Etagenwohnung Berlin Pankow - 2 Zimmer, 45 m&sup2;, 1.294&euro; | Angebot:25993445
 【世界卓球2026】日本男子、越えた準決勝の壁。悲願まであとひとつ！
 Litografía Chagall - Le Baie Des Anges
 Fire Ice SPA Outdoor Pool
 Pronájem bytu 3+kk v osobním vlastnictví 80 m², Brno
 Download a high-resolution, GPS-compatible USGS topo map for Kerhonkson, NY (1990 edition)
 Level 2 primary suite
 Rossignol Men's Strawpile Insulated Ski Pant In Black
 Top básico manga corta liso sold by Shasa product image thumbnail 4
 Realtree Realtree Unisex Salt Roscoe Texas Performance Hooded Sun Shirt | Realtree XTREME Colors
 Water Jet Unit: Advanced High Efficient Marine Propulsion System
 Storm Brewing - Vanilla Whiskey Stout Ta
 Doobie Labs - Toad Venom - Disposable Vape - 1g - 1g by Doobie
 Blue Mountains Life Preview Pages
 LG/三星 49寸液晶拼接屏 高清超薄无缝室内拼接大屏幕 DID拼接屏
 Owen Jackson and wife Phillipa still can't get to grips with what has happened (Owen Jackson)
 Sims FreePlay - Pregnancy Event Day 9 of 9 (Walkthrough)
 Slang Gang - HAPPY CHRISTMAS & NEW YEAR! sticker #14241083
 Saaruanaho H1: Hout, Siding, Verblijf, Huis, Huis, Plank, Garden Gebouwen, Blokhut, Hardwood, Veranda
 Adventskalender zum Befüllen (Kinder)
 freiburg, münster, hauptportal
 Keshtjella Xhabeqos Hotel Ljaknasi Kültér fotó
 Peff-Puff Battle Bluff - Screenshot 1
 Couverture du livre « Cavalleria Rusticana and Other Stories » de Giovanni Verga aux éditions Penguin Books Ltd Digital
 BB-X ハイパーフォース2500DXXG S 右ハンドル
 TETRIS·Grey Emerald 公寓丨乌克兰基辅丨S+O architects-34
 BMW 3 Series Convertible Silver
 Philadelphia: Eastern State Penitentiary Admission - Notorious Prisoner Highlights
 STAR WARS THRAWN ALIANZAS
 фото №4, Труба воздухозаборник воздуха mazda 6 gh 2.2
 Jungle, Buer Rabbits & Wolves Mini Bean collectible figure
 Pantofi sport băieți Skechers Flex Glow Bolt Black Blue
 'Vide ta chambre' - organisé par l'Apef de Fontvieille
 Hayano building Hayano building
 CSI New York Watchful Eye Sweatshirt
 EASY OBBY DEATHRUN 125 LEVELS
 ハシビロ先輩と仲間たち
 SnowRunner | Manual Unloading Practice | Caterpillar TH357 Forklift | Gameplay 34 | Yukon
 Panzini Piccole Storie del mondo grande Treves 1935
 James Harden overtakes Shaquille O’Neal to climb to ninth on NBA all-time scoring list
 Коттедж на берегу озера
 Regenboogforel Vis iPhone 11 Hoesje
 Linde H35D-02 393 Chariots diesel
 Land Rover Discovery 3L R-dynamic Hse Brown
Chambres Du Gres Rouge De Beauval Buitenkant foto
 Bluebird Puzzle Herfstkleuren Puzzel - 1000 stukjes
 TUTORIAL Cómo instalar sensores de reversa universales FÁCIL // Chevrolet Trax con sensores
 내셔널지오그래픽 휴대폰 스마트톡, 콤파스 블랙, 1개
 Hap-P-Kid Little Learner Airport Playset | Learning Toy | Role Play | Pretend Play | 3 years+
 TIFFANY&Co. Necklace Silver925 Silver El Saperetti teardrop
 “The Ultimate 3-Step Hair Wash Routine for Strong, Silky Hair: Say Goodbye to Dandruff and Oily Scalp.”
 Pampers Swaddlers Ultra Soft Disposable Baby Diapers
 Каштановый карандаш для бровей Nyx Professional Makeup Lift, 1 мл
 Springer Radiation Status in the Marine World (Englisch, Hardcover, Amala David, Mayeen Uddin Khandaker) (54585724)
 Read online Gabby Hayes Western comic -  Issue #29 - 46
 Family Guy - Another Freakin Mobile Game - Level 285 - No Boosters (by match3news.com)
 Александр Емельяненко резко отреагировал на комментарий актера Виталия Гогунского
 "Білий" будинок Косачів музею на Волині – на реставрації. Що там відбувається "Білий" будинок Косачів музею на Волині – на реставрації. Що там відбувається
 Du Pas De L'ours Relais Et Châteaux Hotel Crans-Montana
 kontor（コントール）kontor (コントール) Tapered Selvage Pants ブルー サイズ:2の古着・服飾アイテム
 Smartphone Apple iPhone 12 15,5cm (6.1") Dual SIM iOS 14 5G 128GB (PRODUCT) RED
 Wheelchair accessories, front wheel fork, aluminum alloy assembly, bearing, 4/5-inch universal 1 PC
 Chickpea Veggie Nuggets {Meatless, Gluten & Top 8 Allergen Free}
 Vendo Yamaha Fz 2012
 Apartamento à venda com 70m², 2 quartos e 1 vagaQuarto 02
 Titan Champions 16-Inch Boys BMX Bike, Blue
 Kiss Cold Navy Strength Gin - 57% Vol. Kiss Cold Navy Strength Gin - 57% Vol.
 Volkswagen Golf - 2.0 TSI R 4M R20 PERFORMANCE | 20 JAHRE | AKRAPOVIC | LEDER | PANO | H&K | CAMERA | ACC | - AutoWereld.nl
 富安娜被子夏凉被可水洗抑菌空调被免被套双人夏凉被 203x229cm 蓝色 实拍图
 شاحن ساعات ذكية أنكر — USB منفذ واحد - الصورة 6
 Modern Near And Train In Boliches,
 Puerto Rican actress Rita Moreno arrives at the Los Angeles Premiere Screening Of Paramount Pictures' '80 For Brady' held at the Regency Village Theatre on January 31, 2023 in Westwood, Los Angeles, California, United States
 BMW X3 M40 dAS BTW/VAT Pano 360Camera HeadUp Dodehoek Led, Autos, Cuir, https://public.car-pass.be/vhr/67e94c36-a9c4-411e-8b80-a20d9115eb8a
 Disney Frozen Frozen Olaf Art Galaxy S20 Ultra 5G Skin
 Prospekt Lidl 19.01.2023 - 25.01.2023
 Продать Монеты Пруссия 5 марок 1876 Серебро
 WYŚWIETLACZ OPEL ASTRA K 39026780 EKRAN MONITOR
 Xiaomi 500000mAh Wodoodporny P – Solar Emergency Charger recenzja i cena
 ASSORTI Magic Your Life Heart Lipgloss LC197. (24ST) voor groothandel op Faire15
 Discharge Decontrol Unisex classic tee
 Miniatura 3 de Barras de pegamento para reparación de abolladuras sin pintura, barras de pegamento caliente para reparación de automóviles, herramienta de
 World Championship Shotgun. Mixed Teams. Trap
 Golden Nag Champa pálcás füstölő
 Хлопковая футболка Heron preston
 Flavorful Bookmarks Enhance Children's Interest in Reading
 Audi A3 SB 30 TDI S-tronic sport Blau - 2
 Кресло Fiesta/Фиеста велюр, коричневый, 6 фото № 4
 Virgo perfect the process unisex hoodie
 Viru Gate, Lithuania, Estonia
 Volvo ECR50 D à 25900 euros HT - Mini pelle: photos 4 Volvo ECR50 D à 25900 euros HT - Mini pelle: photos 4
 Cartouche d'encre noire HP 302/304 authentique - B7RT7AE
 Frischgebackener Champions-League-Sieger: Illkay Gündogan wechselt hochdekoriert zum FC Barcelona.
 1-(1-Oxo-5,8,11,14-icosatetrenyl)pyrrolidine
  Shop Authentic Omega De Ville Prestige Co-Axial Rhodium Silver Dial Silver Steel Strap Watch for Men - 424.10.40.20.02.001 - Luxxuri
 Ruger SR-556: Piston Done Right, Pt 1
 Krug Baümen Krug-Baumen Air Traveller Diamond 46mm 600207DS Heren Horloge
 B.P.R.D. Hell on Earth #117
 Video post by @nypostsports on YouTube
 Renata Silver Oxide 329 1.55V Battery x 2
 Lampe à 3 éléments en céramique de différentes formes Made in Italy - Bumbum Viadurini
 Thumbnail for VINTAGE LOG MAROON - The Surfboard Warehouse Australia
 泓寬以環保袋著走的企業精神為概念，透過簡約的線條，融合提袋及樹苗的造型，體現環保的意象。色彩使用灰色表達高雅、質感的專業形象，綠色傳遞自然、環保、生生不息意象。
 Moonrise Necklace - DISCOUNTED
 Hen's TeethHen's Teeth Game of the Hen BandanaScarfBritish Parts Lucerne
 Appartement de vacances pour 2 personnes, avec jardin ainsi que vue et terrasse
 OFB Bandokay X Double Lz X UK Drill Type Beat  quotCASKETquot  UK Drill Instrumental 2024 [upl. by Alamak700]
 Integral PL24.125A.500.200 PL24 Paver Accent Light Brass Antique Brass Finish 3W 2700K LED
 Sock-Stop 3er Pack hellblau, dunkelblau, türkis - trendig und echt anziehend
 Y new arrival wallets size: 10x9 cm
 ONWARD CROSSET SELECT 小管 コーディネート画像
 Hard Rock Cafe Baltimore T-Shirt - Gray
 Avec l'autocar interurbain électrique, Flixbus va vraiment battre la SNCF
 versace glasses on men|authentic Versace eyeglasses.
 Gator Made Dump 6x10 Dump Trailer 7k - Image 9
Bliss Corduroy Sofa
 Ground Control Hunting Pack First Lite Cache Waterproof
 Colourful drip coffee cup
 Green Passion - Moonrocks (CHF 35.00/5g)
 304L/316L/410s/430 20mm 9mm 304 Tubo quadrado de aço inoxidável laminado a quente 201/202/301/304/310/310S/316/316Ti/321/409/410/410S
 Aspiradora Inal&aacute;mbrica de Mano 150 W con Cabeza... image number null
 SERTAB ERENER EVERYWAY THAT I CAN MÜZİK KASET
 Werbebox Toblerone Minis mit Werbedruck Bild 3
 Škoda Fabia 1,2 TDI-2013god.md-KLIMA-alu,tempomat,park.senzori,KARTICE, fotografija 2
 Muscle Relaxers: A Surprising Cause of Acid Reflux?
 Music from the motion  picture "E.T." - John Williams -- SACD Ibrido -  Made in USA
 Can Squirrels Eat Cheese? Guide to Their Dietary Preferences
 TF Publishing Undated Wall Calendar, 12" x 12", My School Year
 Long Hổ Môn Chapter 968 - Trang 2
- - - - -
EXERCISE OBJECTIVE:
All lines of the material that contain the word "Made" should be listed.

OUTPUT BELOW:
 Lampe à 3 éléments en céramique de différentes formes Made in Italy - Bumbum Viadurini
 Gator Made Dump 6x10 Dump Trailer 7k - Image 9
 Music from the motion  picture "E.T." - John Williams -- SACD Ibrido -  Made in USA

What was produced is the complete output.